Then there's "cooperative learning."  Cooperative learning was a late twentieth century variation on having students work in groups, a cutting-edge 1957 technique my second grade teacher Mrs. Evans used to call "working in groups."  Unfortunately, cooperative learning took classroom groups several giant leaps beyond common sense during its ballyhooed heyday as the latest bandwagon secret to "success for all students."  Now it's back from bankruptcy, spotlighted in NEAToday under the alias "team-based learning," or TBL.

Don't misunderstand. I know good teachers who put their students in groups.  It gives kids a chance to work together, to delegate and accept responsibilities.  It's also easier for five groups to share five microscopes than for twenty kids to mill around and fight over them.

But over the last few decades there's been another reason.  In the past when middle and high school students were typically grouped in classes according to ability, teachers could adapt material and work at different rates toward appropriately different objectives.  When ability grouping fell from fashion in the 1970s, teachers were confronted with classrooms inhabited by gifted and remedial students, with the full spectrum in between.

Despite what theorists tell you, teaching a class isn't the same as teaching twenty individuals.  Good teachers strive to meet each student's academic needs, but it should be obvious that the broader the range of abilities in a class, the more likely you are to either go too fast or too slowly for someone, to talk over somebody's head or water down material, especially as reformers guarantee success for every student regardless of ability or effort.

So how does a teacher effectively instruct an ever vaster array of students at the same time in the same classroom?  According to cooperative learning boosters, it's simple.  The teacher doesn't have to.  The students teach each other.

I think kids can learn a lot trying to explain something to somebody else.  The trouble is most kids have a hard enough time just being students.  Arguing that they can learn more from other kids than they can from their teachers is ludicrous.

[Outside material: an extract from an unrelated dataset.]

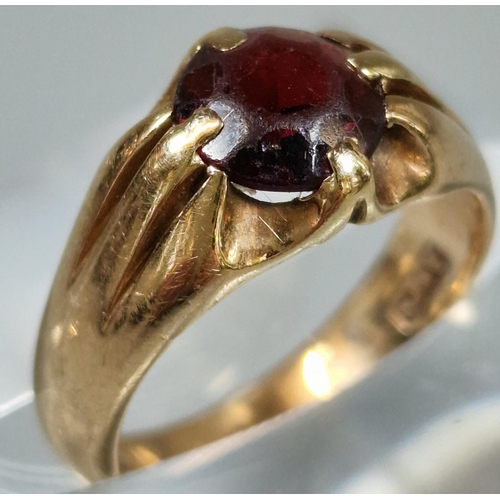 191 - 9ct gold and red stone dress ring. 3g approx. Ring size F. (B.P. 21% + VAT)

Forty minutes talking with all my students usually better serves their education than two minutes talking to each of them.  Reformers, including TBL boosters, rail against "sage on the stage" teachers who try to "impart knowledge," as if that's a bad thing, but the fact is I can usually lead my students better than they can lead themselves.  If I can't, please show me the door.

TBL enthusiasts display a staggering unfamiliarity with real students and how they behave.  TBL advocates claim their method induces students to "hold each other accountable for coming to class prepared" because kids "don’t want to be seen as slackers."  And when students "arrive at a wrong answer," TBL allegedly renders them "eager for teachers to explain" their mistake.

I've worked with kids for a quarter-century, singly and in groups, and I'm here to report that a distressing number seem perfectly at ease with their "slacker" image.  The TBL press release also overstates most students' passion to understand, let alone correct their mistakes.

TBL is loaded with gimmicks, from scratch-off answer sheets that "work like lottery tickets," to a menu of acronyms that outdistances the New Deal.  The lottery tickets, for instance, go by the moniker, IF-AT, for Immediate Feedback Assessment Technique.

TBL begins with the Readiness Assurance Process, or RAP, in which teachers assign reading materials, hardly a novel idea.  Next, in an equally cutting-edge move, there's a test based on the reading.  Actually, there are two tests.  First, students take the individual Readiness Assurance Test, or iRAT.  Immediately after handing in their iRATs, they take the identical test again.  This time, though, it's called gRAT, or group Readiness Assurance Test.  On gRATs they fill in the answers together.  TBL calls this "reaching consensus," although many observers may confuse it with another common classroom activity known as "asking the smart kid for the answer."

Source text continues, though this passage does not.